The Army is worried about a shortage similar to the logistical crunch that left more than 600 soldiers waiting weeks and sometimes months for medical care at Fort Stewart, Ga. Some sick and injured National Guard and Army Reserve soldiers at Fort Stewart stayed in concrete barracks with no running water and no air conditioning while they waited.
The situation was first reported in October by United Press International.
Acting Army Secretary Les Brownlee and Chief of Staff Gen. Peter J. Schoomaker said a massive rotation of several hundred thousand troops early next year could strain Army medicine and housing beyond capacity. Brownlee said between 200,000 and 250,000 soldiers, including 120,000 reservists, would be going to or returning from Operation Iraqi Freedom during the first four months of next year.
"This movement that we are going to do in the early months of next year is huge," Schoomaker told Hawaii Democrat Sen. Daniel Akaka. "This is going to be huge, and we are anticipating to be really challenged in this area that you are talking about right here."
Akaka had asked what the Army was doing "to ensure that the problems experienced at Fort Stewart ... are not repeated?"
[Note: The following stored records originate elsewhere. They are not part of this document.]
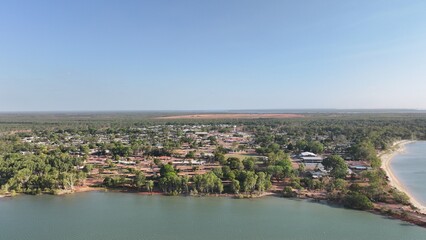 Aerial photo of Weipa Queensland Australia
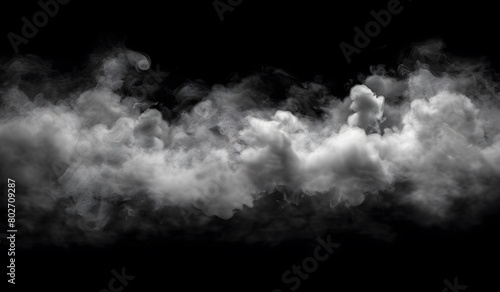White smoke on black background, smoky effect and transparent fog texture for design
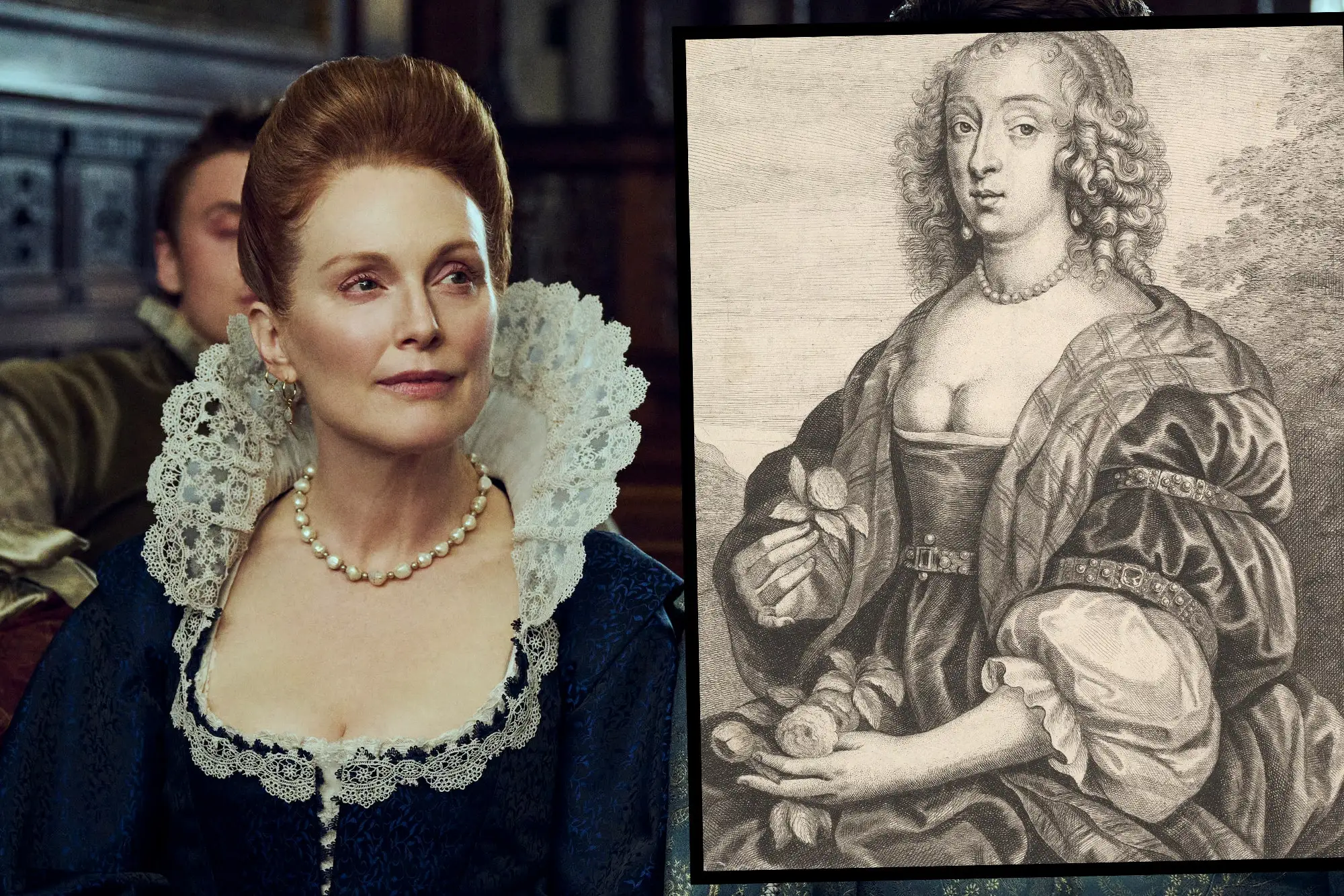 Image may contain Julianne Moore Henrietta Maria of France Art Painting Accessories Jewelry Necklace and Person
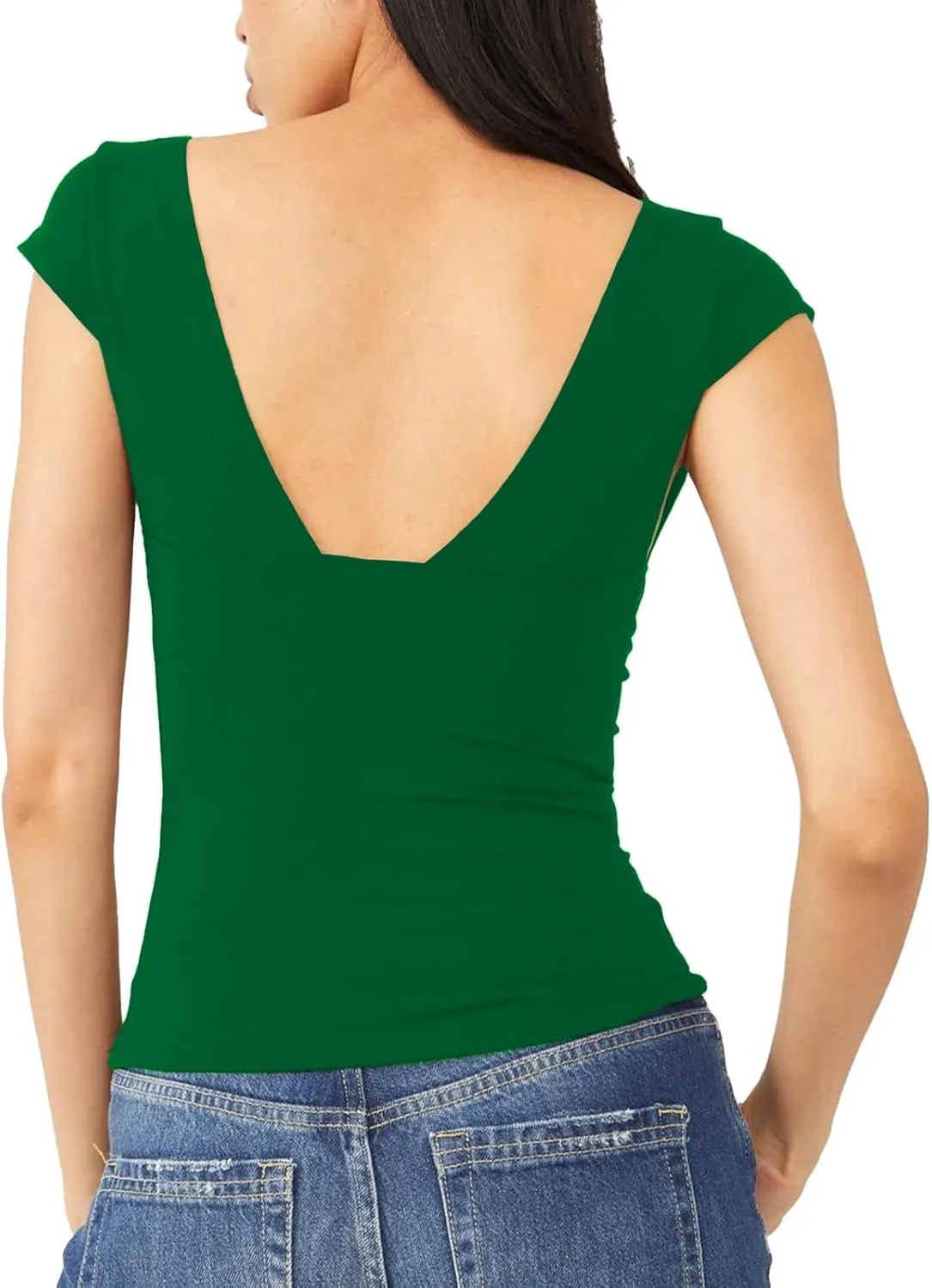 Womens Crop Tops Cami Deep V Neck Sexy Y2K Shirt Short Sleeve Backless Basic Summer Casual Tee Shirts Cami Crop Tops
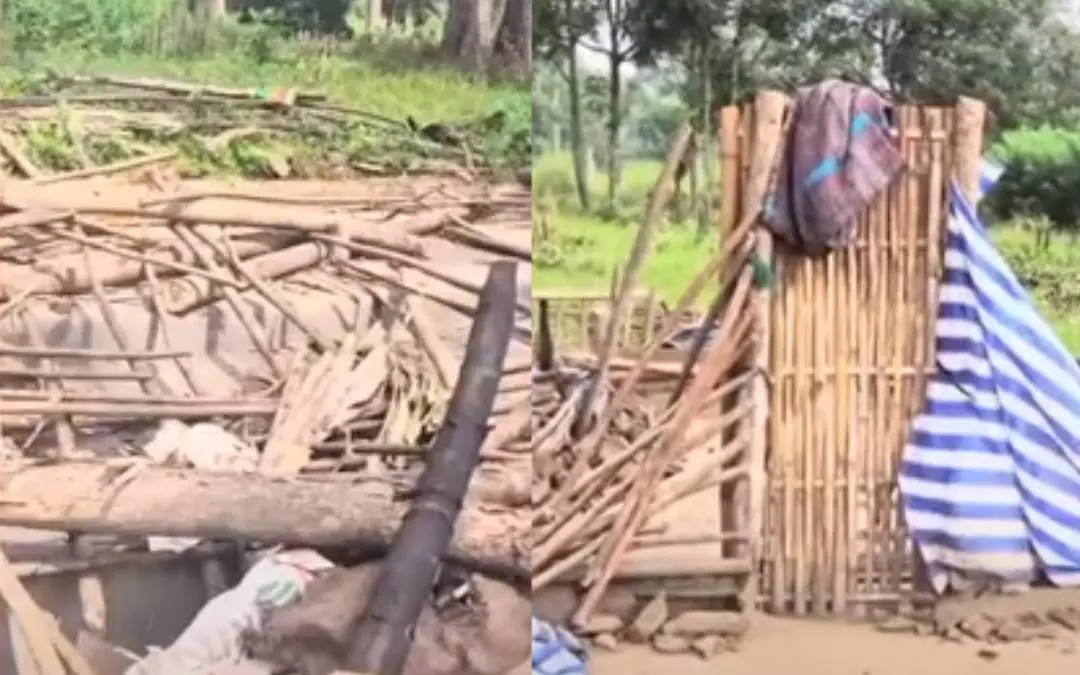 വനംവകുപ്പ് തകര്‍ത്ത കുടിലുകള്‍ | Photo: Screengrab/Mathrubhuminews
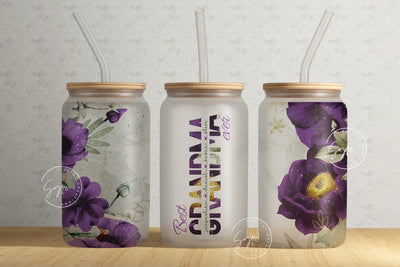 Best Grandma Ever, Gift for Grandmother, Add Kids Names, Mothers Day Gift Tumbler, Floral 16 oz Libbey Glass Can Tumbler Sublimation Design Sublimation Syre Digital Creations 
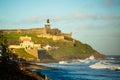 Fort San Felipe Del Morro in San Juan, Puerto Rico at sunrise Royalty Free Stock Photo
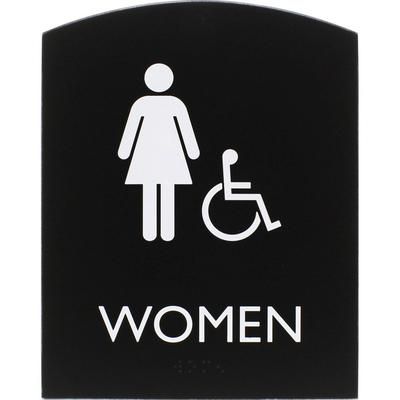Lorell 02675 Restroom Sign, 1 Each, Women Print/Message, 6.8" x 8.5" Height, Rectangular Shape, Easy Readability, Braille, Plastic, Black LLR02675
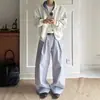 Pantalones de pierna ancha plisados de línea A a rayas azul claro estilo americano para hombre, holgados y versátiles para el uso casual diario, pantalones de corte limpio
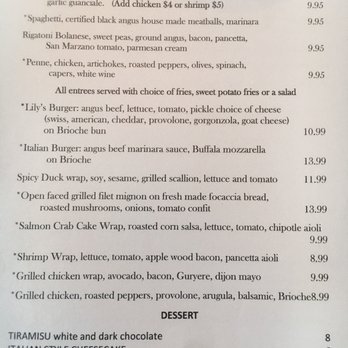 Lily's Bistro - Menu - Italian Near Me - Lake Wylie, South Carolina Lily's Bistro - Menu - Italian Near Me - Lake Wylie, South Carolina
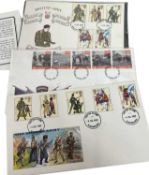 A mixed lot of first day cover stamp sets, depicting the British Army (x2) and commemorating D-Day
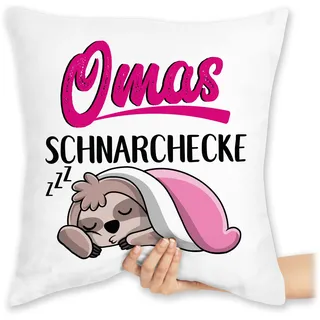Kissen 40 x 40 - Oma Großmutter - Omas Schnarchecke - Faultier - 40 x 40 cm - Weiß - ecke geschenk omi zierkissen enkelkinder für grandma kissenhülle grandmother mit füllung grossmutter oma.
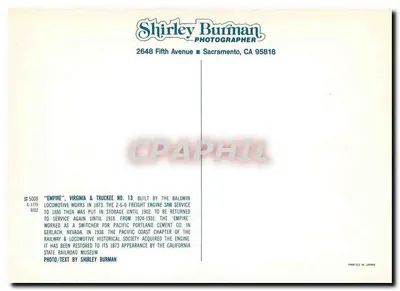 «Empire», lokomotywa Virginia & Truckee nr 13 — Muzeum Kolei Kalifornii — fotografia Shirley Burman — Rewers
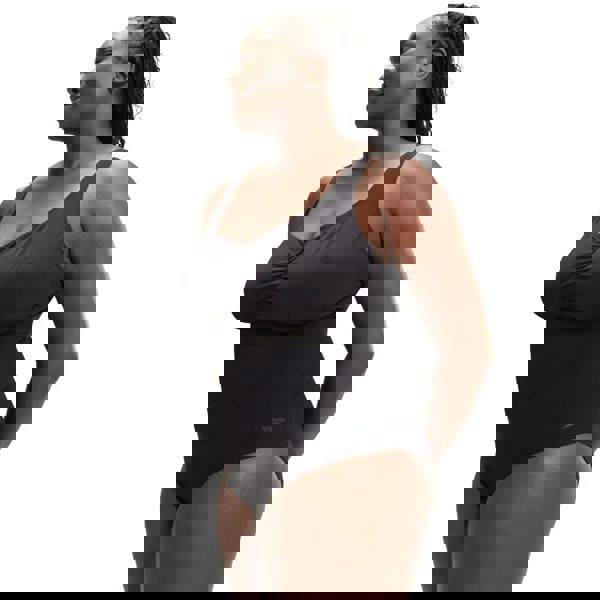 Black Speedo AquaNite plus size swimsuit with ruched neckline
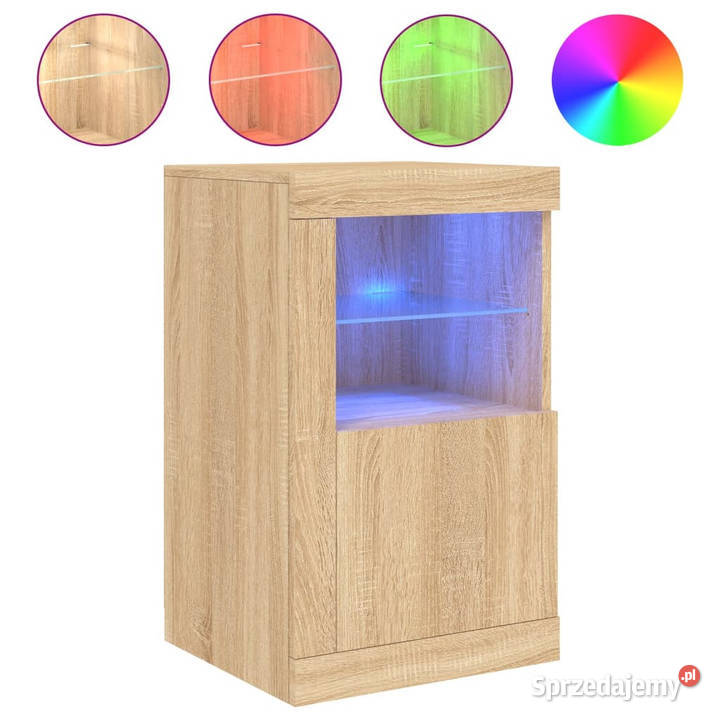 Szafki z LED 2 dąb sonoma materiał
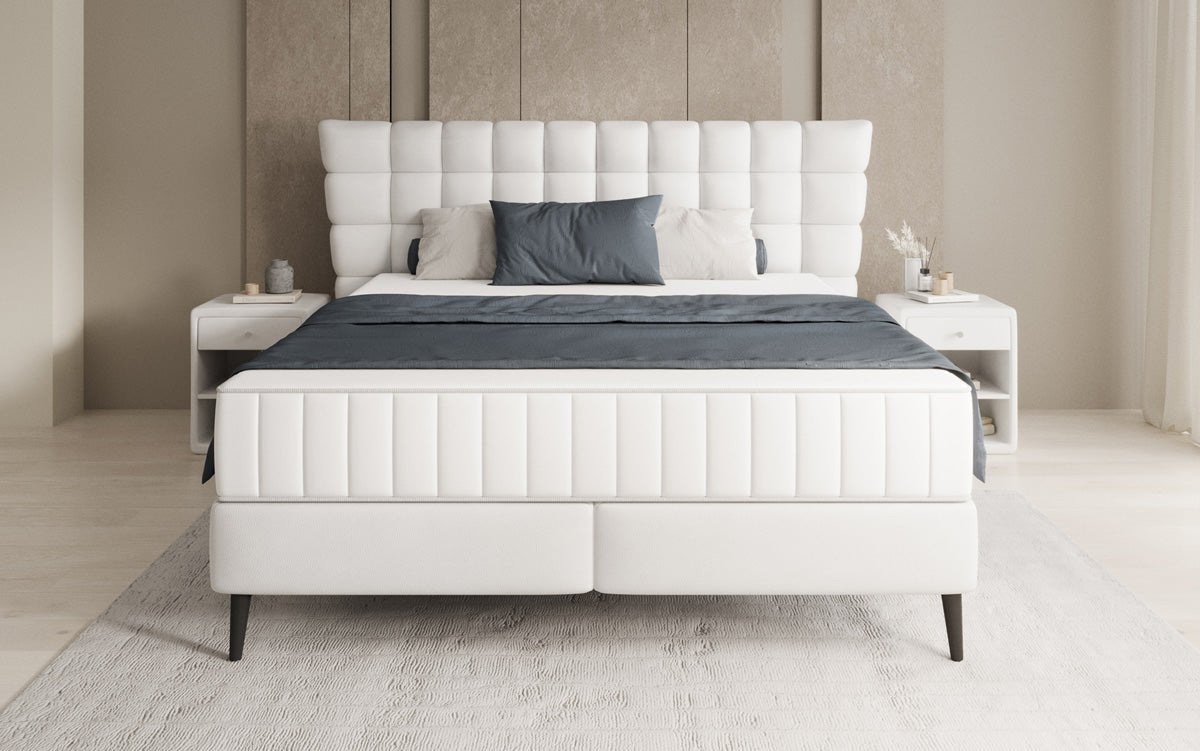 Boxspringbett Alvion in Echtleder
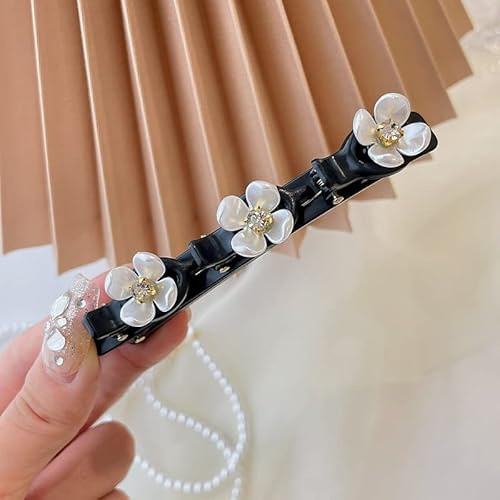 2 Stück Haarspange mit clips,Haarspange mit kristallblume Doppelknall Frisur Haarnadel Clips mit 3 Haarspangen Haarreif mit Klammern Haarklemmen Haarclips für dickes Haar für Frauen Mädchen,Weiß #2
Brownlee said the Army has set a standard that sick and injured soldiers must be in clean housing with climate control and running water. The Army is also giving soldiers access to civilian doctors and increasing military medical staff. The Army is also considering the construction of prefabricated structures to accommodate an influx of soldiers.
Brownlee said the problems at Fort Stewart occurred at other bases. "It was happening other places, too," he told Akaka.
But he also said the upcoming rotation could overwhelm current resources.
"To my knowledge, the Army has never had a rotation like this in the past," Brownlee said.
The Senate Armed Services Committee Wednesday held the hearing to discuss the shortage of medical care and poor housing apparent at Fort Stewart, as well as a host of apparent Army challenges ranging from a shortage of body armor, armored Humvees, and anti-missile technology for helicopters.
In October, UPI reported on long waits for medical care at Fort Stewart and Fort Knox, as well as squalid living conditions at Fort Stewart. The Army Reserve and National Guard soldiers had been placed on what the Army calls "medical hold" while they wait for doctors.
"There have been recent revelations about the availability of prompt health care and living conditions for those placed on medical hold, primarily members of the Reserve component, in preparation for deployment," Committee Chairman John Warner, R-Va., said in his opening statement. "The issue came to light in press reports of dissatisfaction and poor living conditions at Fort Stewart, Georgia," Warner told the Army officials. "So we look forward to listening to your report today."
Schoomaker told the panel during questions that the problem at Fort Stewart was exacerbated by unfit soldiers who could not deploy to Iraq whom the Army was treating -- as opposed to casualties from Iraq.
"If you look at the Fort Stewart example, less that 20 of all those -- and that's 600-and-something soldiers -- less than 20 were injured as a result of that deployment," Schoomaker told the Senate panel. "A lot of those soldiers never deployed, because they were determined to be medically unfit."
Fort Stewart officials said last month that 420 of the 633 soldiers on medical hold did go to Iraq.